Task brief
Would you copy every record exactly as it stands and drop the pictures?

Materials provided
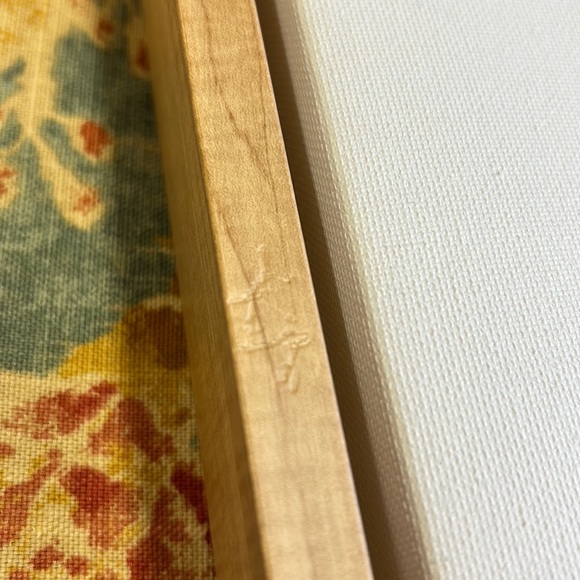 “Sylvie” Pink Cactus Flower Framed Canvas Art - Amy Peterson 18 in. x 24 in. - Picture 13 of 15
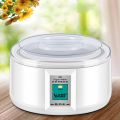 1.5L Electric Yogurt Maker (Doi Maker),Automatic Multifunction Yogurt Machin and Stainless Steel Liner,,Constant Temperature Heating, for Making Fresh, Healthy Homemade Desserts.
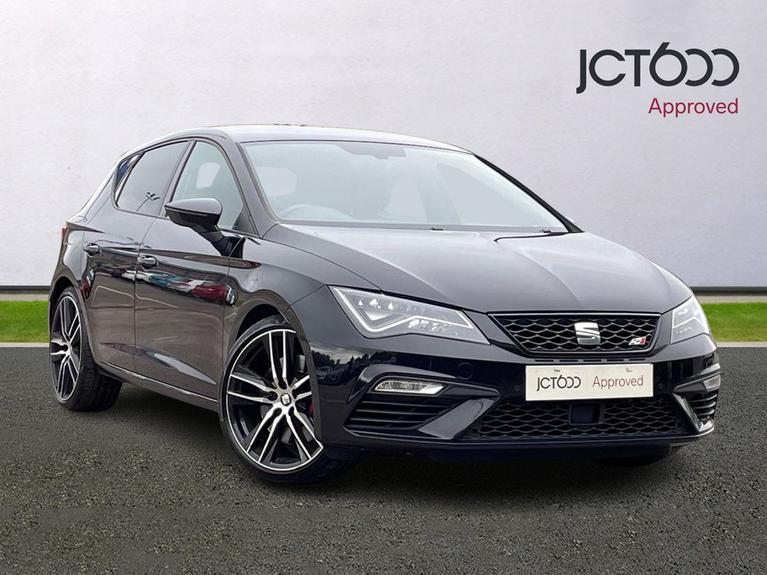 Used 2018 SEAT Leon 2.0 TSI Cupra 300 Hatchback 5dr Petrol Manual Euro 6 (s/s) (300 ps) Black at JCT600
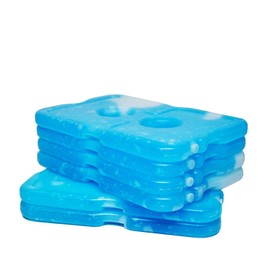 Ice Packs for Lunch Bags - Original Cool Pack | Slim & Long-Lasting Reusable Ice Pack for Lunch Box, Lunch Bag and Cooler | Freezer Packs for Coolers (Set of 6)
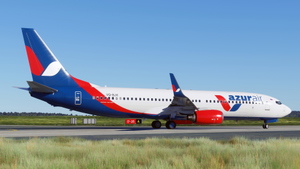PMDG 737-800 Azurair thumbnail 3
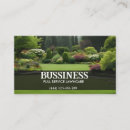 Search for lawn and landscape business cards Customer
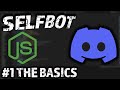 How to use my new selfbot 40 commands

Answer below
 “Sylvie” Pink Cactus Flower Framed Canvas Art - Amy Peterson 18 in. x 24 in. - Picture 13 of 15
 1.5L Electric Yogurt Maker (Doi Maker),Automatic Multifunction Yogurt Machin and Stainless Steel Liner,,Constant Temperature Heating, for Making Fresh, Healthy Homemade Desserts.
 Used 2018 SEAT Leon 2.0 TSI Cupra 300 Hatchback 5dr Petrol Manual Euro 6 (s/s) (300 ps) Black at JCT600
 Ice Packs for Lunch Bags - Original Cool Pack | Slim & Long-Lasting Reusable Ice Pack for Lunch Box, Lunch Bag and Cooler | Freezer Packs for Coolers (Set of 6)
PMDG 737-800 Azurair thumbnail 3
 Search for lawn and landscape business cards Customer
 How to use my new selfbot 40 commands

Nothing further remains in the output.